Y añade, volviéndose hacia fray Pedro: «Frente a la Casa de Gobierno levantaremos la Catedral.» No ha terminado de señalarme la huerta, los sembrados de maíz, el cercado en que se inicia una cría de cerdos y de cabras, gracias a los verracos y chivatos traídos, con increíbles penalidades, desde Puerto Anunciación, cuando se desborda el vecindario, se arma la grita de bienvenida, y acuden las esposas indias, y las hijas mestizas, y el hijo alcalde, y todos los indios, a recibir a su Gobernador, acompañado del primer Obispo.

«Santa Mónica de los Venados -me advierte fray Pedro-, porque ésta es tierra del venado rojo; y Mónica se llamaba la madre del fundador: Mónica, aquella que parió a San Agustín, santa que fuera mujer de un solo varón, y que por sí misma había criado a sus hijos.» Le confieso, sin embargo, que la palabra ciudad me había sugerido algo más imponente o raro. «¿Manoa?», me pregunta el fraile con sorna. No es eso. Ni Manoa, ni El Dorado. Pero yo había pensado en algo distinto. «Así eran en sus primeros años las ciudades que fundaron Francisco Pizarro, Diego de Losada o Pedro de Mendoza», observa fray Pedro. Mi silencio aquiescente no excluye, empero, una serie de interrogaciones nuevas que los preparativos de un festín de perniles asados en un fuego de leña me impide formular de inmediato. No comprendo cómo el Adelantado, en oportunidad impar de fundar una villa fuera de la Época, se echa encima el estorbo de una iglesia que le trae el tremendo fardo de sus cánones, interdictos, aspiraciones e intransigencias, teniéndose en cuenta, sobre todo, que no alienta una fe muy sólida y acepta las misas, preferentemente cuando se dicen en acción de gracias por peligros vencidos. Pero no hay muchas oportunidades, ahora, para hacer preguntas. Me dejo invadir por la alegría de haber llegado a alguna parte. Ayudo a asar la carne, voy por leña, me intereso por el canto de los que cantan, y me ablando las articulaciones con una suerte de pulque burbujeante, con sabor a tierra y resina, que todos beben en jicaras pasadas de boca en boca… Y más tarde, cuando todos se hayan hartado, cuando duerman los del caserío indio y las hijas del Fundador se recojan en su gineceo, escucharé, junto al hogar de la Casa de Gobierno, una historia que es historia de rumbos.

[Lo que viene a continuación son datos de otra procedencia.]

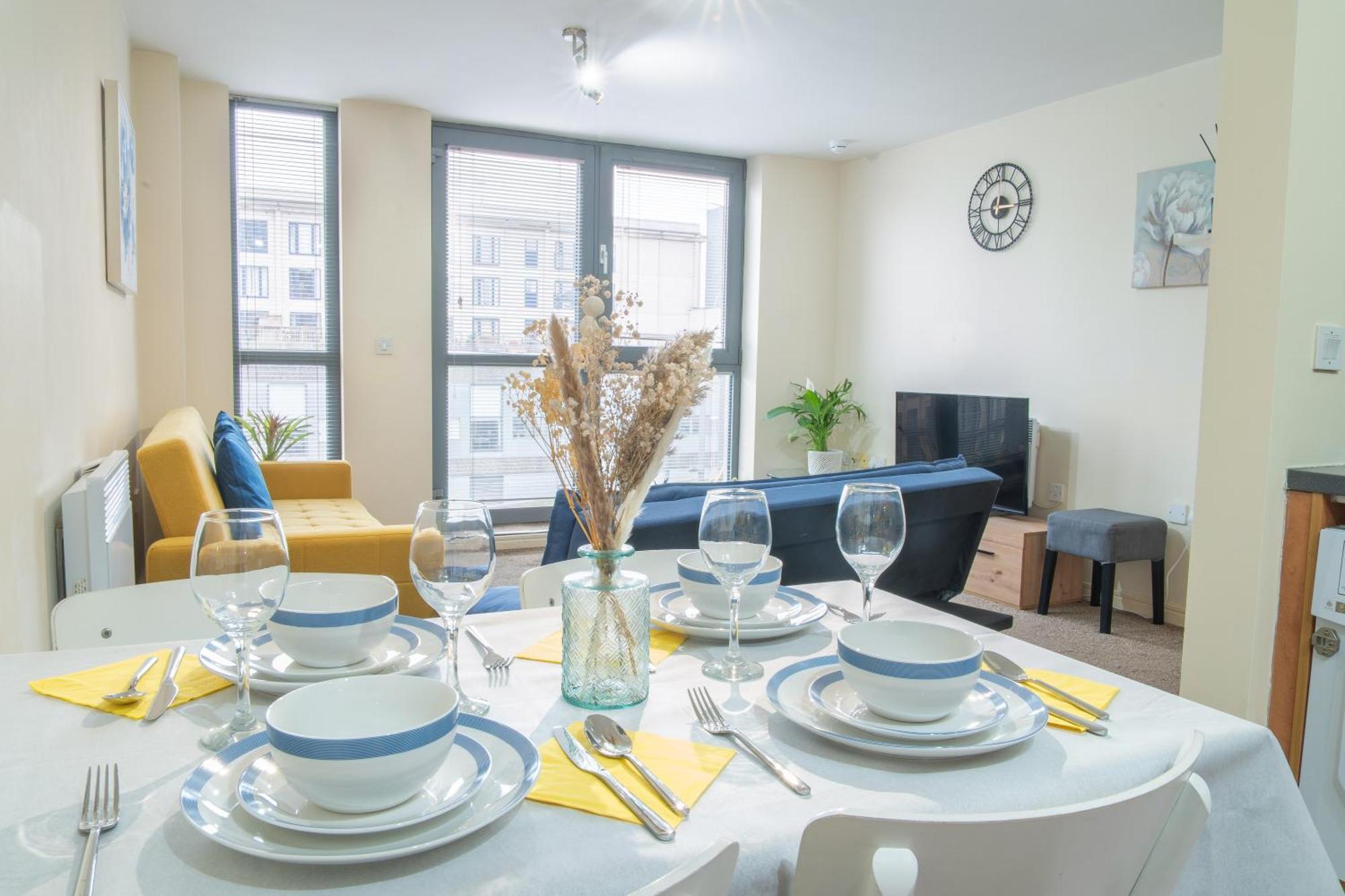 Stay In Our Stylish Flat! & Secure Building & Sleeps Up To 4 伯明翰 外观 照片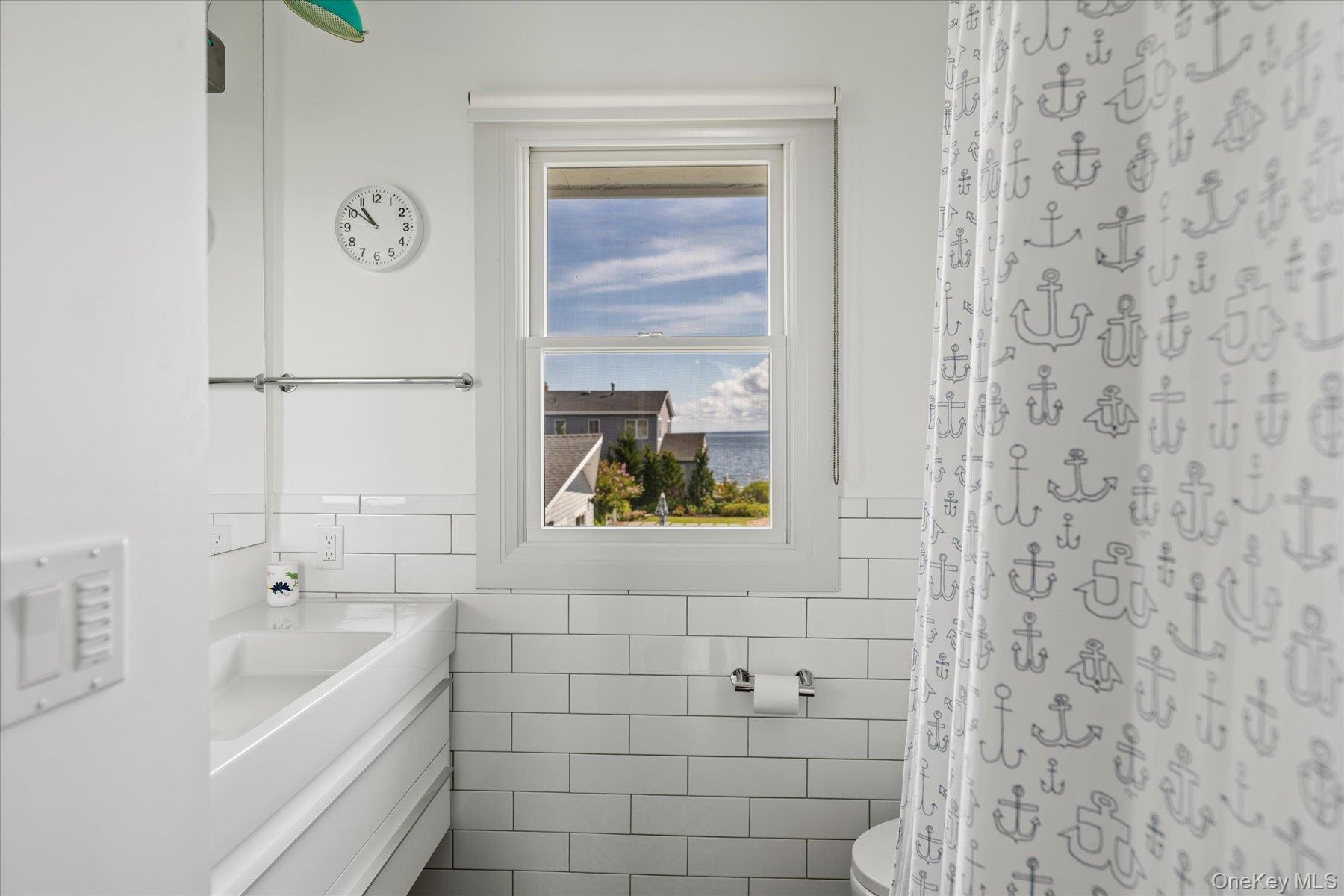 4415 Camp Mineola Road Mattituck, NY 11952 - Photo 21 of 44 Well appointed full bathroom with modern fixtures and finishes.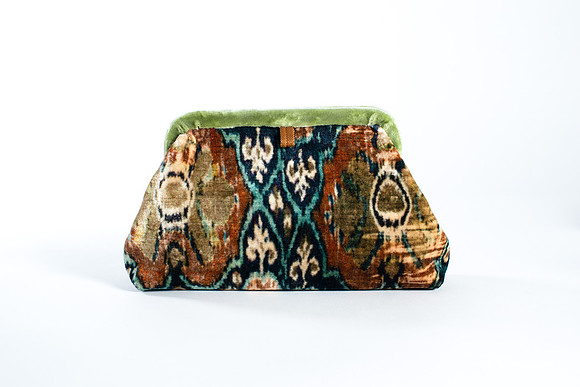 Patterned_Clutch_017_BACKS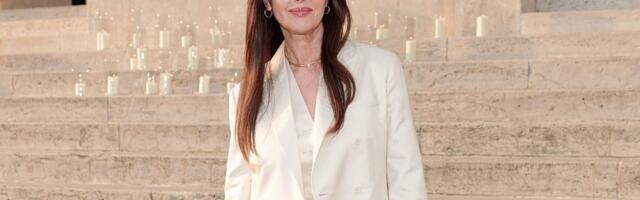 Monika Beluči zablistala u prvom redu Fendi revije: Elegantno belo odelo ukralo svu pažnju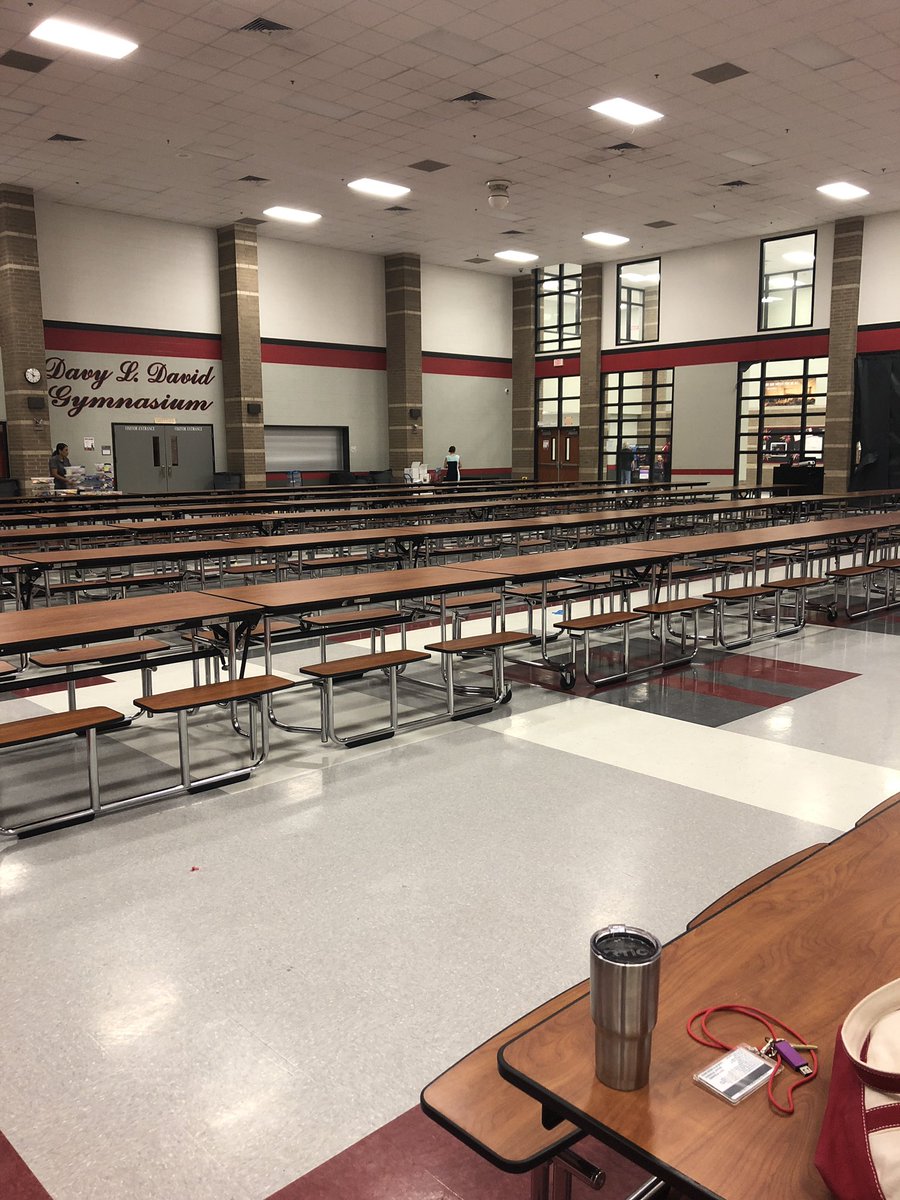 drhaleyford's tweet photo. Excited to be giving my first workshop to the wonderful educators of Cleveland ISD! Let’s get to talking about #EmotionalPoverty and the strategies that help students regulate their brains and grow strong inner selves! #povertychat #frameworkforunderstandingpoverty @rubyKpayne https://t.co/1wy6PDQK65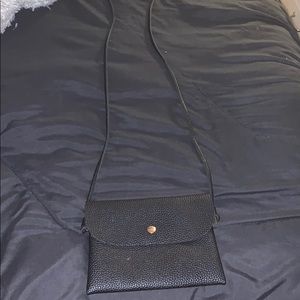 Black side purse!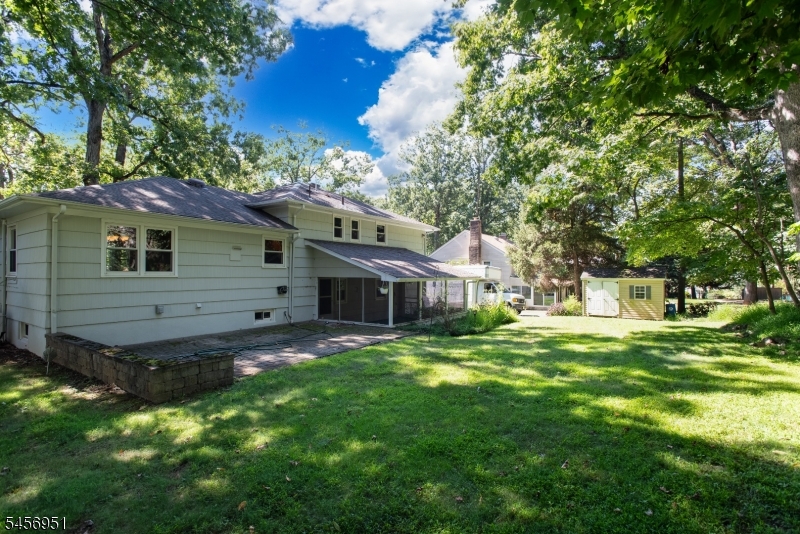 main property photo 16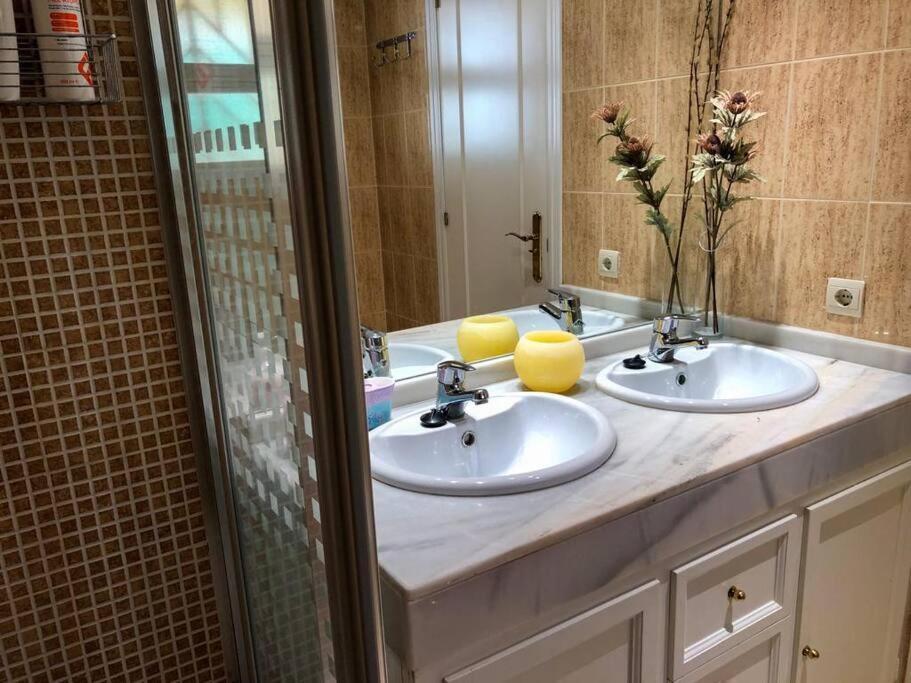 Comfy Apartment In The Heart Of The Costa Del Sol Sitio de Calahonda Exterior foto
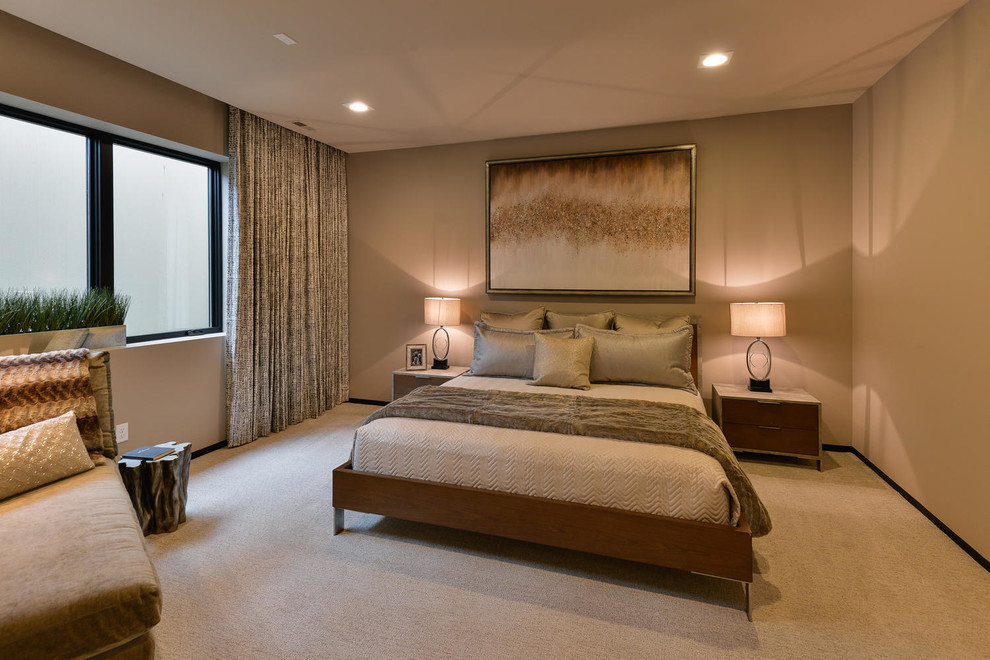 デンバーにある中くらいなコンテンポラリースタイルのおしゃれな客用寝室 (ベージュの壁、カーペット敷き、暖炉なし、ベージュの床) のインテリア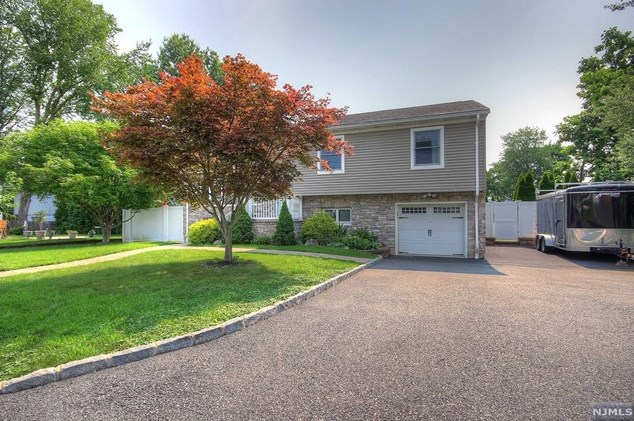 310 Congers Ave, Rockleigh, NJ 07647
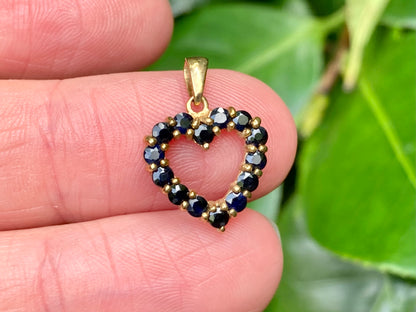 9ct Gold Sapphire Heart Pendant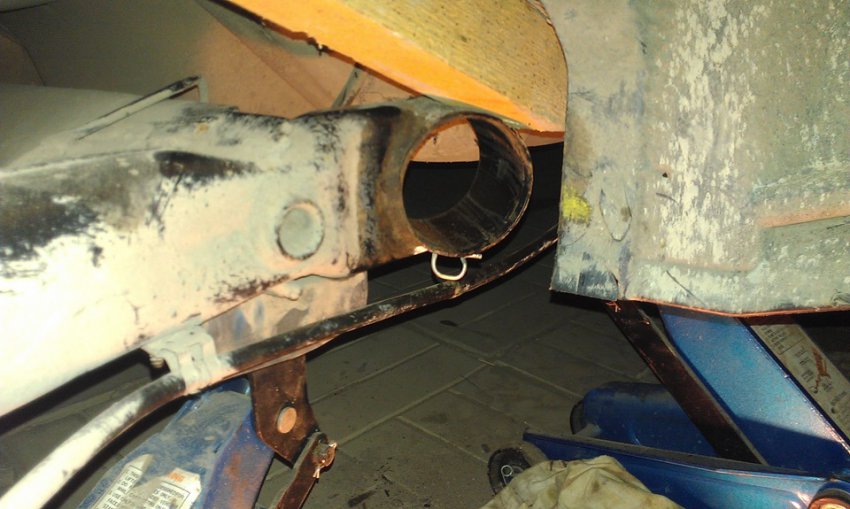 Как заменить сайлентблок задней балки на авто Skoda Octavia Tour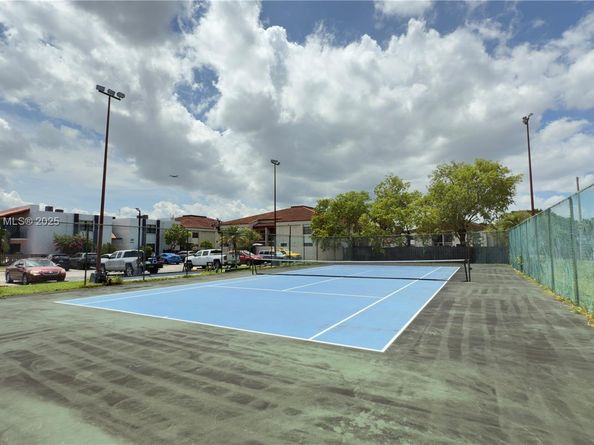 460 W Park Dr 106, Miami FL 33172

«Pues, señor -dice el Adelantado, arrojando una rama al fuego-, me llamo Pablo, y mi apellido es tan corriente como llamarse Pablo, y si a grandes hechos suena el título de Adelantado, les diré que sólo se trata de un mote que me dieron unos mineros, al ver que siempre me adelantaba a los demás en lo de hacer pasar por mi batea las arenas de un río…»

Bajo el emblema del caduceo, un hombre de veinte años, con el pecho desgarrado por una tos rebelde, mira a la calle a través de las bolas de cristal, llenas de agua tinta, de una farmacia de viejos. Hacia allí es la provincia de los maitines y rosarios, de las melcochas y hojaldres de monjas; pasa el cura con su teja, y todavía hay sereno que canta por Marías Santísimas la hora en noche nublada. Más allá son las Tierras del Caballo, durante jornadas y jornadas; luego, los caminos que suben, y la ciudad de casas crecidas, donde el adolescente no halló sino oficios de sombras, de sótanos, de carboneras y de cloacas. Vencido y enfermo, se ha ofrecido a trabajar en botica, a cambio de remedios y albergue. Algo le enseñaron de maceraciones, y le confían las recetas de prescripción casera, a base de nuez vómica, raíz de altea o tártaro emético. Y a la hora de la siesta, cuando nadie transita a la sombra de los aleros, el mozo se encuentra solo en el laboratorio, de espaldas a la calle, y ocurre que las manos se le duermen sobre la linaza, contemplando, por entre las moletas y almireces, el correr despacioso de un ancho río cuyas aguas vienen de las tierras del oro. A veces, traídos por barcos tan viejos que cargan una estampa de otros tiempos, bajan al desembarcadero cercano unos hombres de andar agobiado, que tientan con bastones las tablas podridas del andén, como si al llegar al puerto desconfiaran todavía de las añagazas y tembladeras de la tierra. Son mineros palúdicos, caucheros que se rascan las sarnas, leprosos de las misiones abandonadas, que acuden a la farmacia, quien por quinina, quien por chalmugra, quien por azufre, y al hablar de las comarcas donde creen haber contraído sus plagas, van descorriendo, ante el oscuro pasante, las cortinas de un mundo ignorado.